Closely related to terrorism is the danger posed by the lack of effective sovereignty that bedevils some African governments. In some cases—Mali, where ethnic Tuareg fighters trying to carve out a separate homeland in the country’s north unwittingly precipi­tated the overthrow of the constitutional government and the takeover of more than half of national territory by AQIM and aligned Islamist movements (both of which setbacks were reversed following a French-led military intervention in 2013), and Nigeria, where militants from the extremist Boko Haram sect have seized control of a remote area roughly the size of the state of Maryland along the country’s borders and used that enclave to launch assaults not only against government forces in that country, but also cross-border raids into Niger, Chad, and Cameroon, are examples that come to mind—the challenge emanates from insurgents seeking, however unrealistically, to overthrow established regimes or carve out new polities.
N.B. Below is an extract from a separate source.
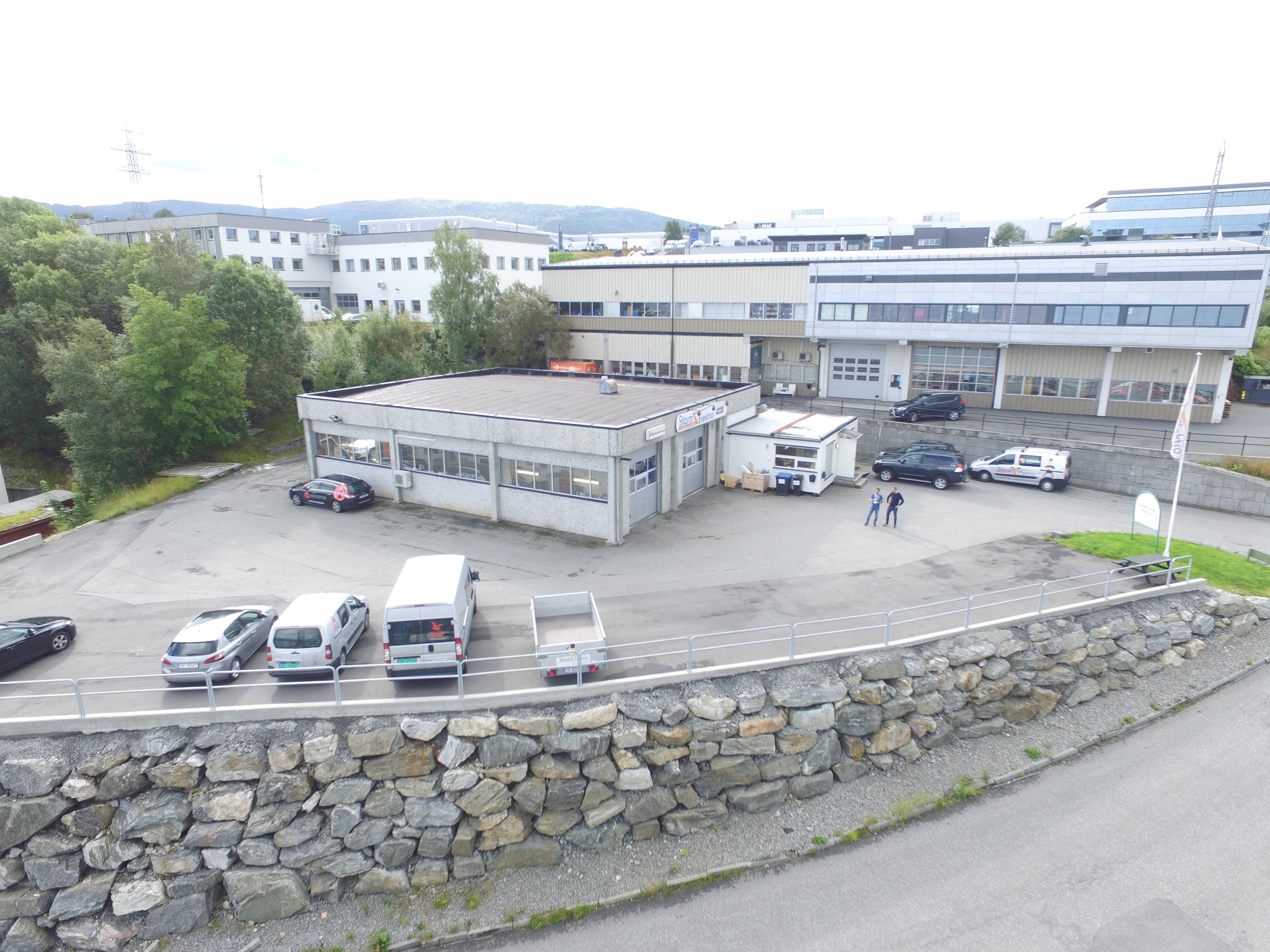 Dronebilde av grått forretningsbygg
More often, the threat is criminal in nature, whether in the form of piracy and other brigandage or in that of trafficking, human or material. While the Somali piracy threat has been heavily diminished—the Somali coast experienced 15 incidents in 2013, down from 75 incidents in 2012 and a peak of 237 incidents in 2011—due to the ramped-up presence of armed guards on ships, international naval patrols, and, perhaps more marginally, the influence of the government reestablished in Mogadishu thanks to the efforts of the African Union Mission in Somalia (AMISOM), which have been heavily backed by the United States and the international community, attacks on commercial shipping have been on the uptick in the Gulf of Guinea. Moreover, West Africa has seen an explosion in drug trafficking, both for transshipments towards Europe and other destinations and, even more worrisome, for local consumption. Former United Nations Secretary-General Kofi Annan and former Nigerian President Olusegun Obasanjo recently teamed up to produce a report that estimated the scale of the cocaine trade through West Africa alone amounted to more than $1.25 billion per annum—a sum that dwarfs the combined state budgets of several countries in the sub-region—and warned that it “undermines institutions, threatens public health, and damages development efforts.”
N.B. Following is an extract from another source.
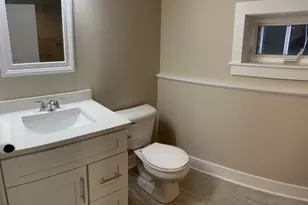 3348 W Warner Ave, Chicago, IL 60618 - Photo 17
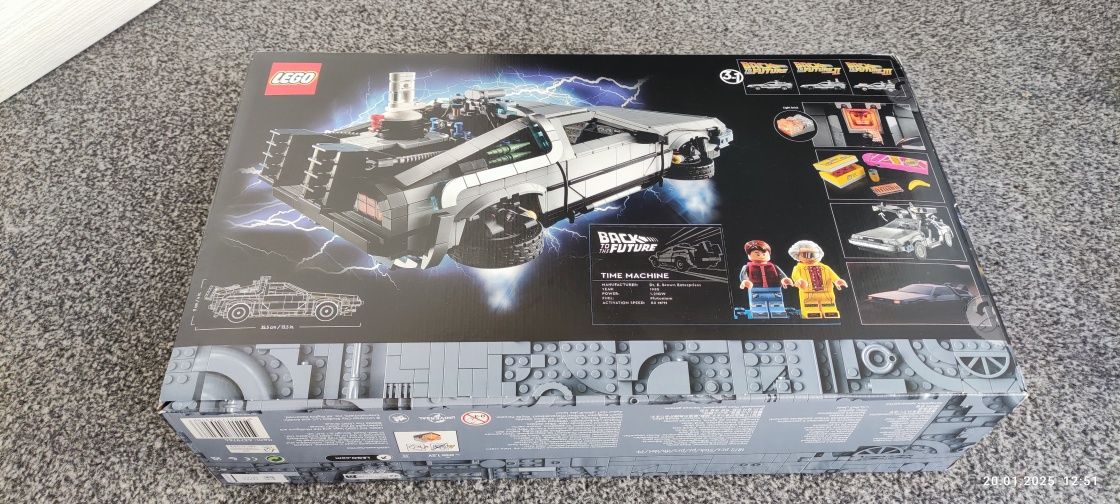LEGO® 10300 Creator Expert - Wehikuł czasu z „Powrotu do przyszłości”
Across Africa, poaching is yet another phenomenon that is fast evolving beyond being a challenge to conservation efforts, but rather a veritable threat to peace and security. Studies have exhaustively documented how armed groups ranging from rebels in Mozambique to al-Shabaab in Somalia to fugitive Ugandan warlord Joseph Kony and the remaining fighters in his Lord’s Resistance Army (LRA) to Séléka militiamen in the Central African Republic have systematically exploited weak governance and porous borders to carry out their grisly trade, increasingly in partnership with organized criminal networks. United Nations Secretary-General Ban Ki-moon, noting that “illegal ivory trade may currently constitute an important source of funding for armed groups,” has warned that “poaching and its potential linkages to other criminal, even terrorist, activities constitute a grave menace to sustainable peace and security” in Africa.
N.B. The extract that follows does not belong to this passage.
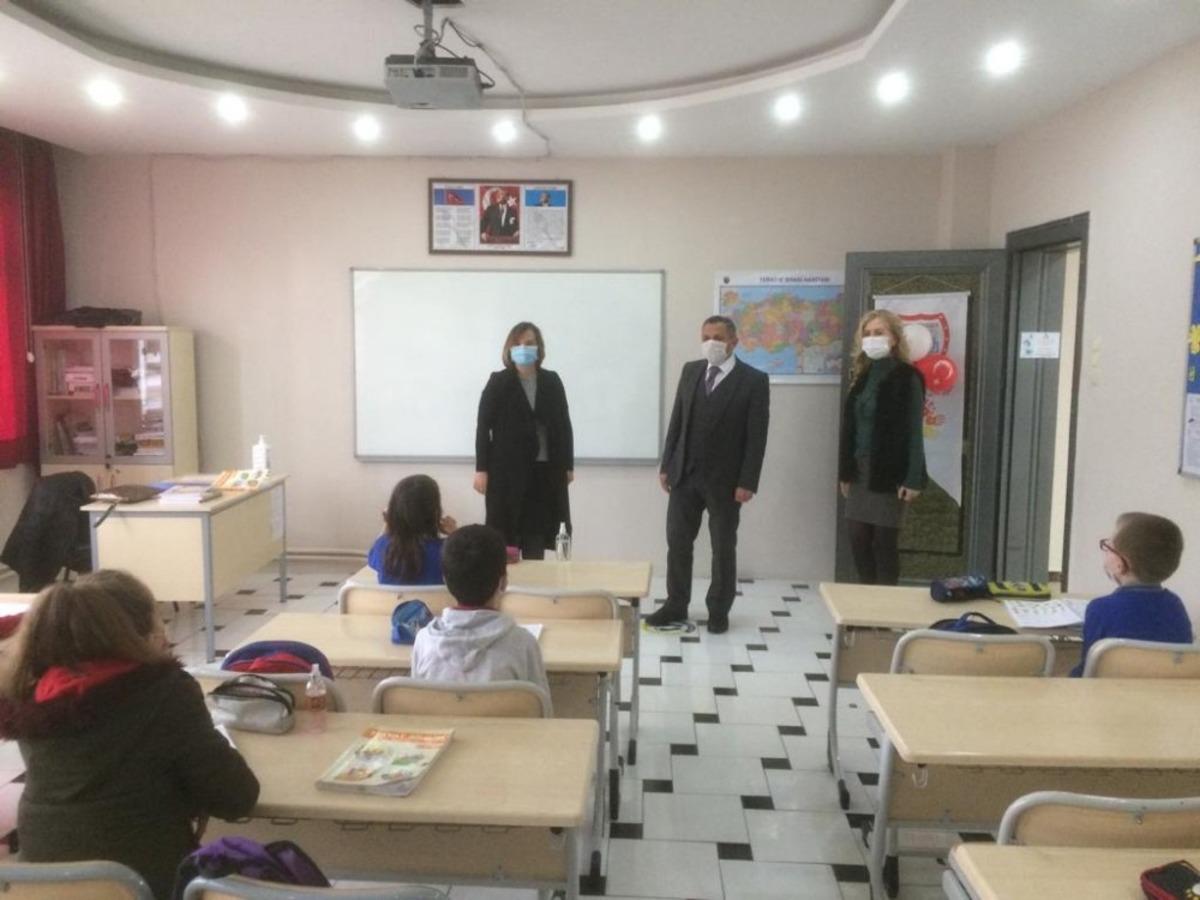 İl&ccedil;e Milli Eğitim M&uuml;d&uuml;r&uuml; Erdoğan, y&uuml;z y&uuml;ze eğitime başlayan okulları ziyaret etti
While these are technically security challenges, they cannot be addressed except in an integrated fashion, with solutions that embrace a broader notion of human security writ large—encompassing social, economic, and political development—which, often enough, also must transcend national and other artificial boundaries. Nevertheless, the core security dimension remains and cannot be ignored. The 2010 version of the National Security Strategy emphasized the need to “embrace effective partnerships” in Africa and, indeed, a growing number of African countries—Ethiopia, Kenya, Rwanda, Senegal, and Uganda are among those who stand out—have improved the professionalism of their armed forces and subsequently have taken the lead in regional peacekeeping and other security efforts. Since 2005, more than 248,000 African troops have benefited from training provided through the Africa Contingency Operations Training and Assistance (ACOTA) program, primarily funded by the State Department’s Global Peace Operations Initiative (GPOI). Moreover, AFRICOM, together with the State Department, the United States Agency for International Development and other government agencies, has been increasingly adept in bringing an integrated “3D” (diplomacy, development, and defense) approach to some of the continent’s complex challenges—a good example being the Trans-Sahara Counter­terrorism Partnership (TSCTP) that embraces eleven countries in northwest Africa (Algeria, Burkina Faso, Cameroon, Chad, Nigeria, Mali, Mauritania, Morocco, Niger, Senegal and Tunisia).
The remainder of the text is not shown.